Records supplied below:

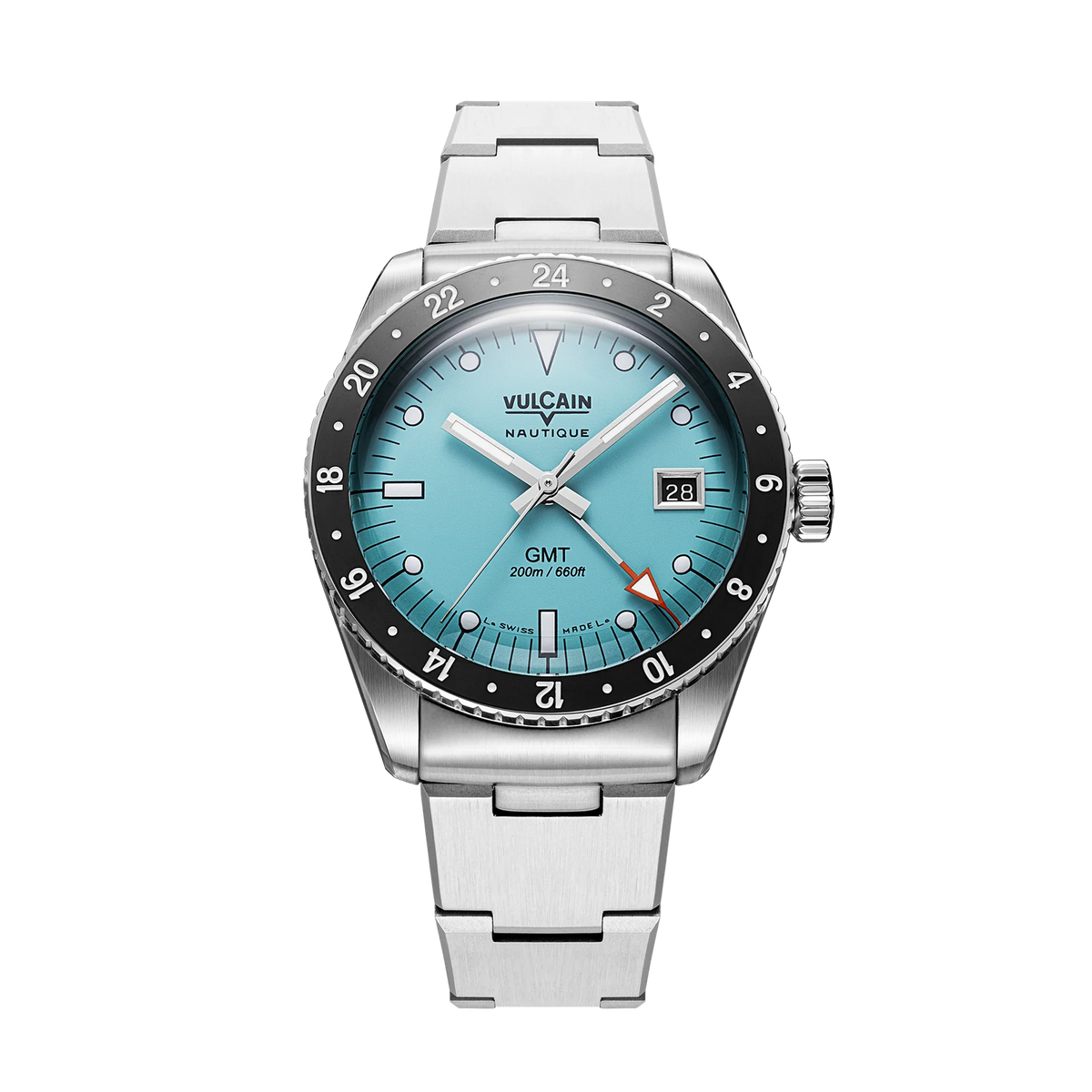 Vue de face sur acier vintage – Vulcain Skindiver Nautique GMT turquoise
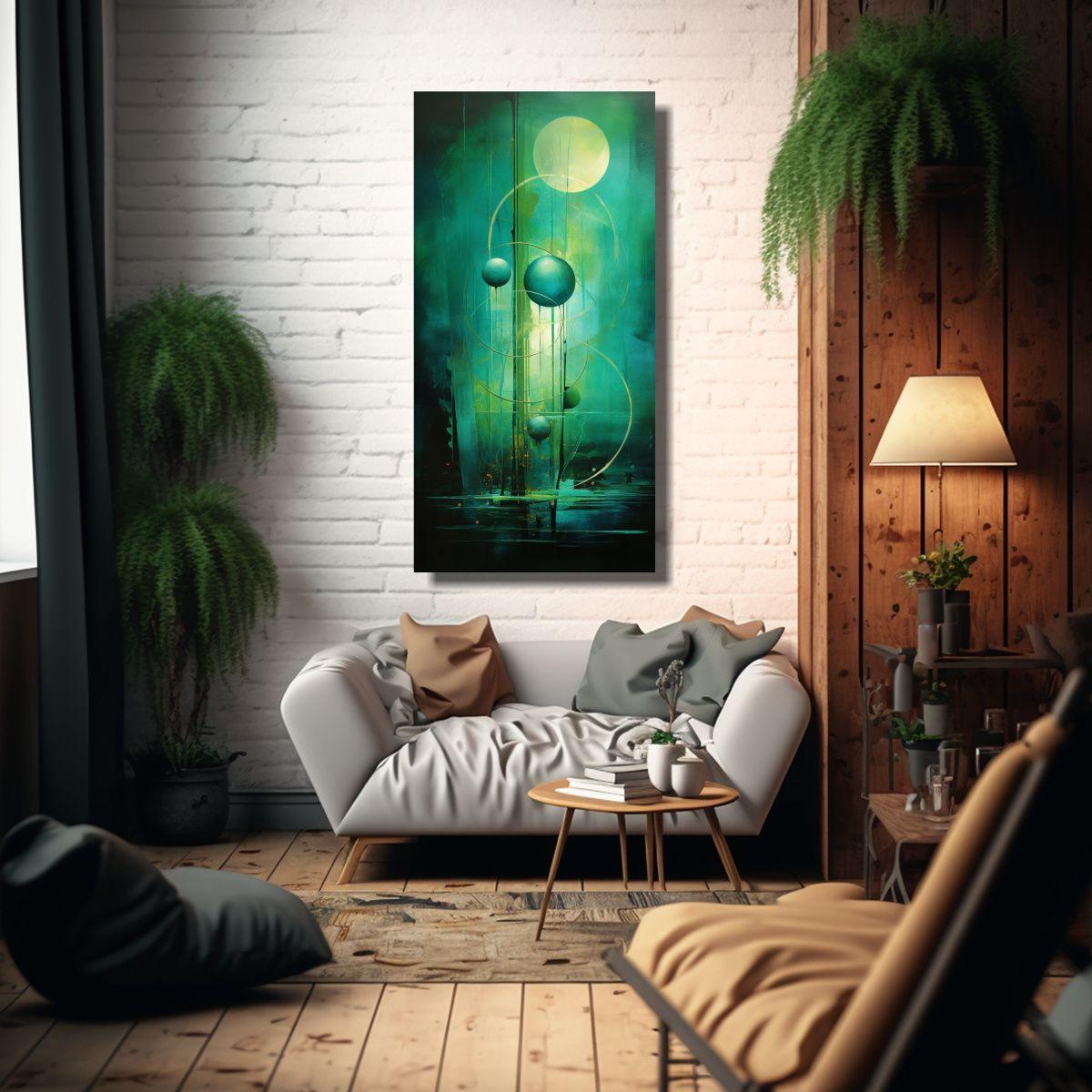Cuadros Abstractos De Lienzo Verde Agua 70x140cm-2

End of Records supplied.
Records supplied below:

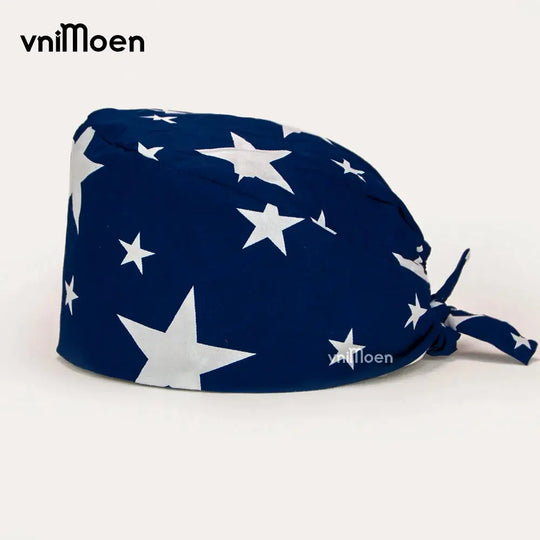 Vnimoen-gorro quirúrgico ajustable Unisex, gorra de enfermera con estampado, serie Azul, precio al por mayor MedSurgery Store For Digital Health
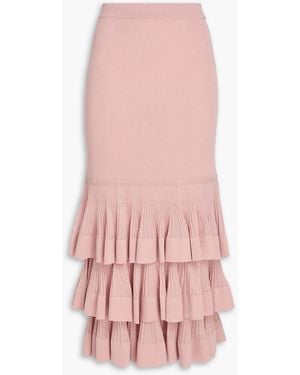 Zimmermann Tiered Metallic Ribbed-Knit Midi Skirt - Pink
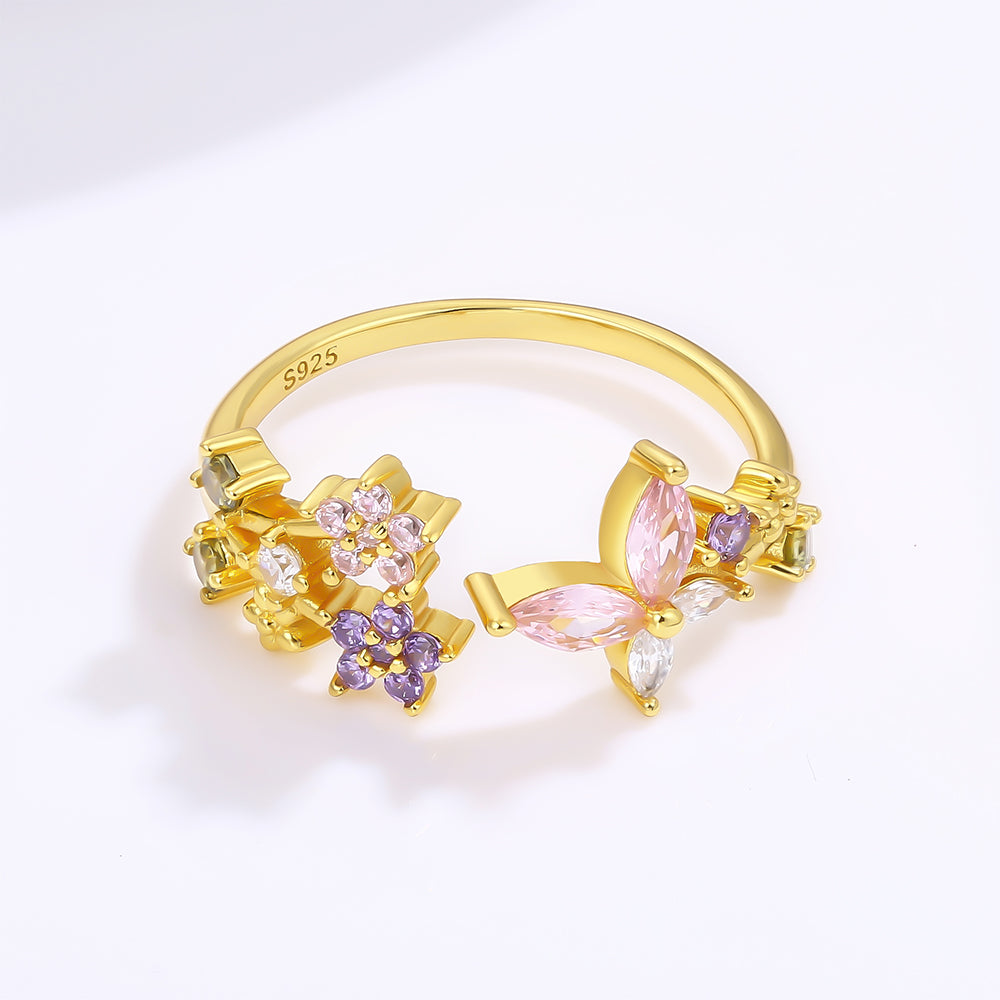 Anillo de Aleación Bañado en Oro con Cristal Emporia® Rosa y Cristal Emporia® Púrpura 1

End of Records supplied.
Records supplied below:

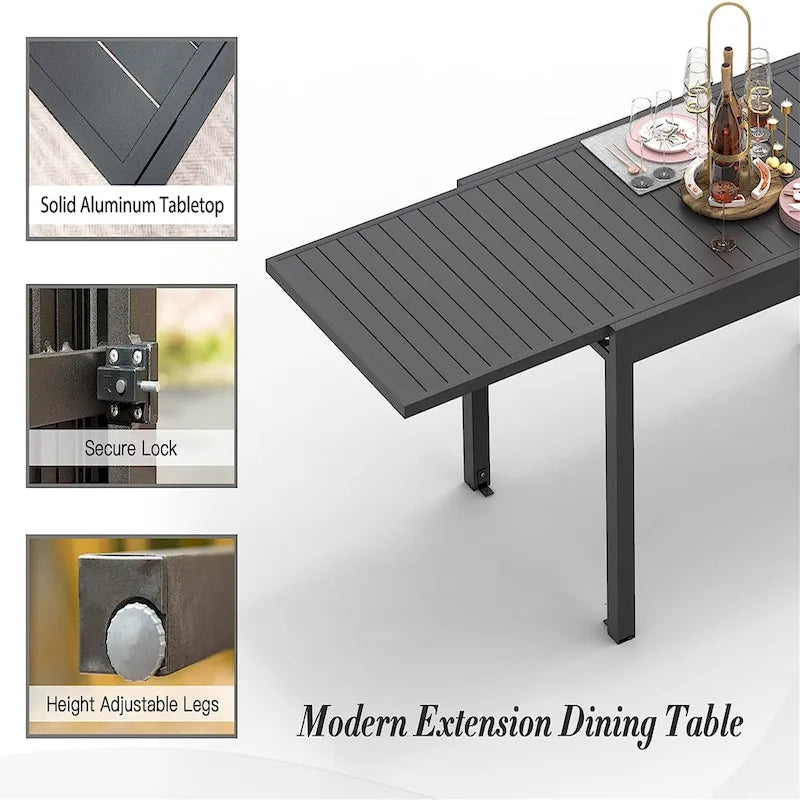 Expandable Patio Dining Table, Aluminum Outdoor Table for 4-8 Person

End of Records supplied.

- **Task directions**
In the records above, find the line with "Vue de face" and the line with "Cuadros Abstractos De". Write out exactly those lines and every one between, with no pictures and no other lines.

- **Answer box**
 Vue de face sur acier vintage – Vulcain Skindiver Nautique GMT turquoise
Cuadros Abstractos De Lienzo Verde Agua 70x140cm-2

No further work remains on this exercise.